As such, the establishment of the sovereign wealth fund is “relatively complex” and according to the ‘green’ paper, there can be substantial administrative costs. “If two completely separate funds are established, then this implies that there are two governance structures, two investment policies/investment mandates, two sets of accounts and two external audits. There would also need to be detailed rules for transferring money between the two funds and the National Budget.”

Moreover, it is felt that it would not be prudent to spread the limited expertise and experience in fund management in Guyana across two separate funds. The costs of managing two funds would be much higher than those of managing a single fund, the ‘green’ paper notes. “Overall, the Government considers that it is most efficient to have a single fund (the Natural Resource Fund). Both economic theory and case studies of Botswana, Norway and Timor-Leste demonstrate that a single fund can effectively achieve multiple objectives.”

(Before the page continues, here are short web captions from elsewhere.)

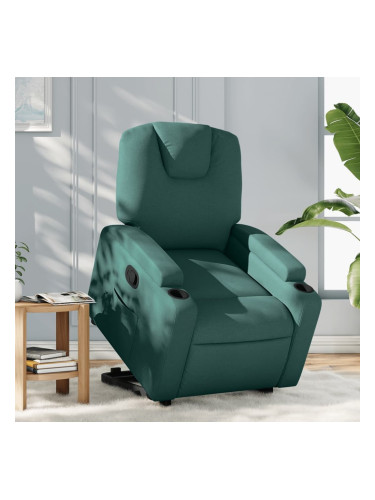 Sonata H Изправящ реклайнер стол, тъмнозелен, текстил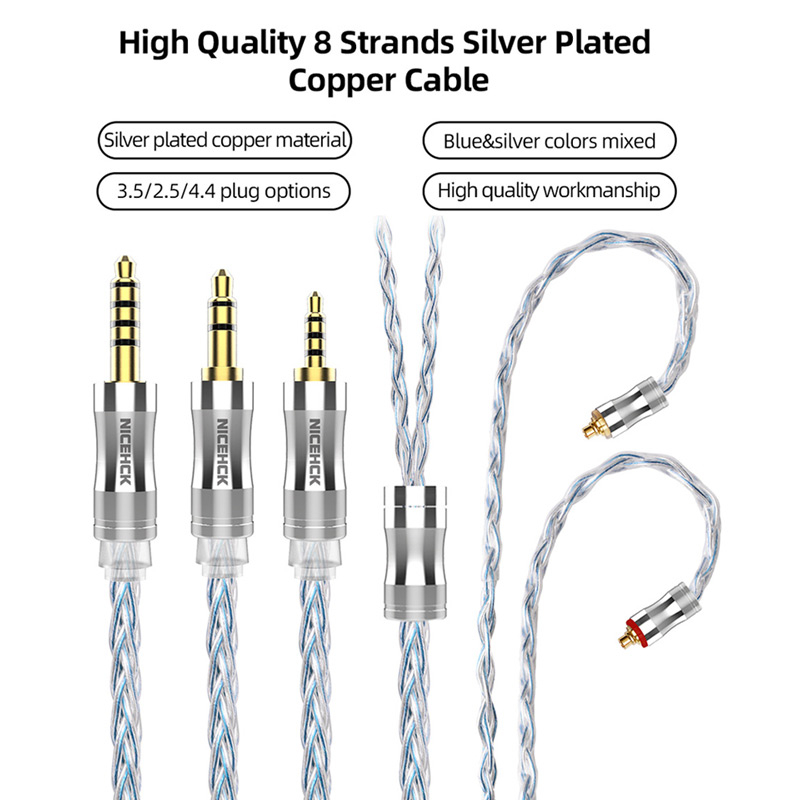 Dây Cáp Mạ Bạc 8 Lõi 3.5mm / 2.5mm / 4.4mm Mmcx / Nx7 / Qdc / 0.78 2pin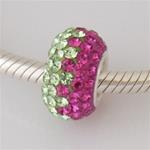 Pink and Green Dual Crystal  Bead
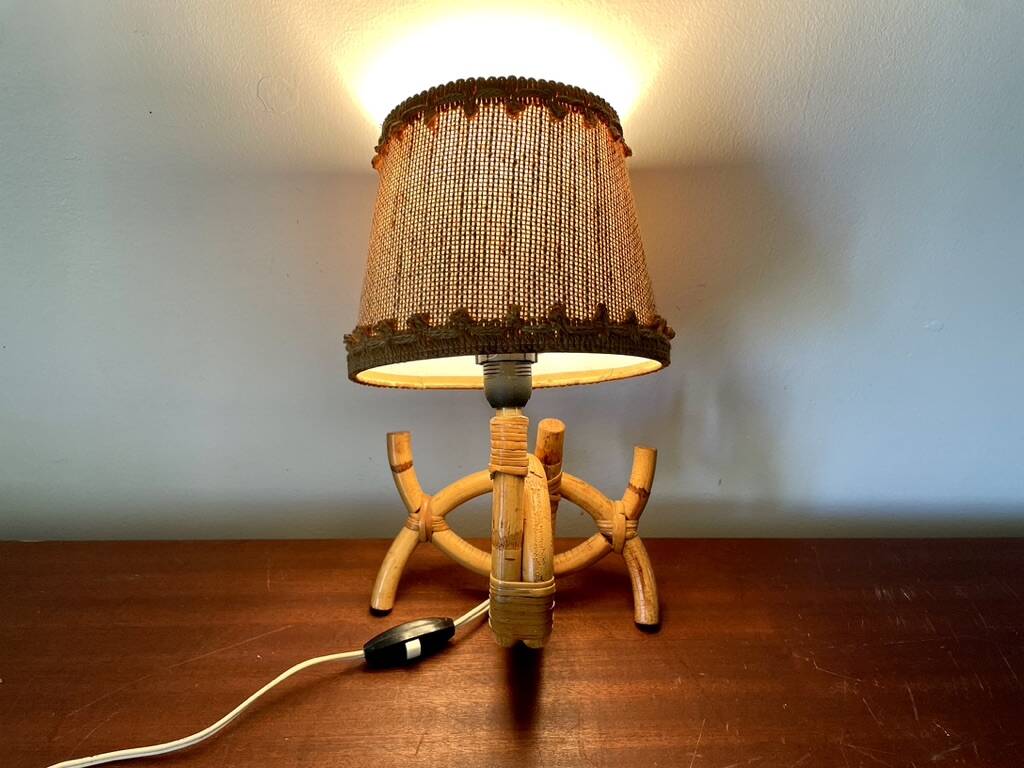 Rattan wall light by Louis Sognot 1960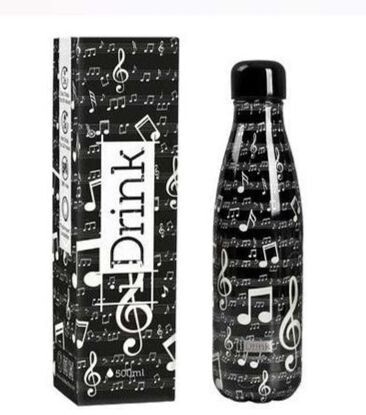 BOTELLA TÉRMICA MÚSICA I DRINK notas musicales acero inoxidable 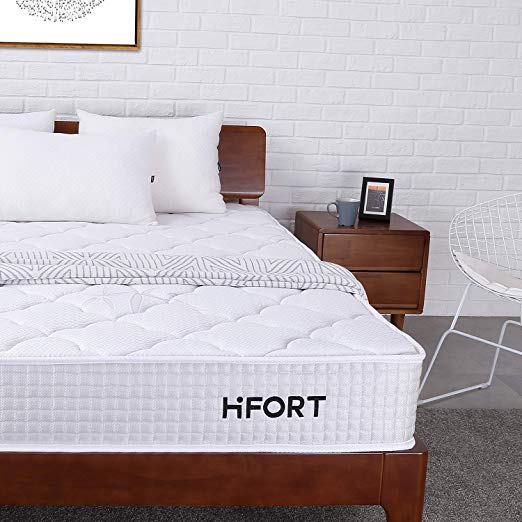 HIFORT Full Size Mattress 8 Inch with Medium Firm Pocket Coil Spring 54x75 inch, Colchones Full Bed Double Bed Bunk Bed Loft Bed Trundle Bed Mattress with Tight Top, Compressed in A Box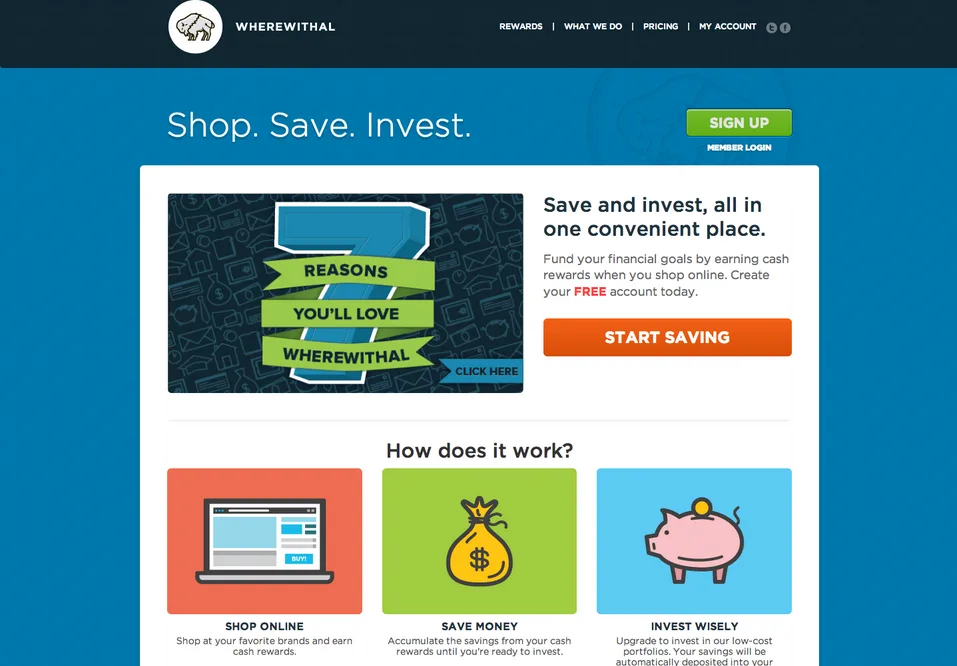 Homepage 'Shop. Save. Invest.' with a 'How does it work?' section.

The NRFA was established to effectively and efficiently and wisely manage natural resource wealth for the benefit of current and future generations by contributing to economic stabilisation, ensuring that volatility in natural resource revenues does not lead to volatile public spending and ensuring that natural resource revenues do not lead to a loss of economic competitiveness.

The withdrawals from the NRF will be deposited into the Consolidated Fund to form part of the financing streams for the annual budget, along with loans and tax and non-tax revenues. Government will then determine its development priorities, based on the costed Green State Development Strategy (GSDS), and the available income envelope which, from 2020, will consist of petroleum revenues, loans, grants, tax and non-tax revenues. Priority will be placed on catalytic investments to transform communities, regions and the country as a whole, within the context of the measureable targets, identified within the GSDS.
It should be noted that notwithstanding the aforementioned, withdrawals from the Natural Resource Fund cannot exceed the amount approved by Parliament. In addition to withdrawals from the NRF being deposited into the Consolidated Fund to finance development priorities, the only further drawdowns that can be made would be for Petroleum Tax Refunds, when necessary.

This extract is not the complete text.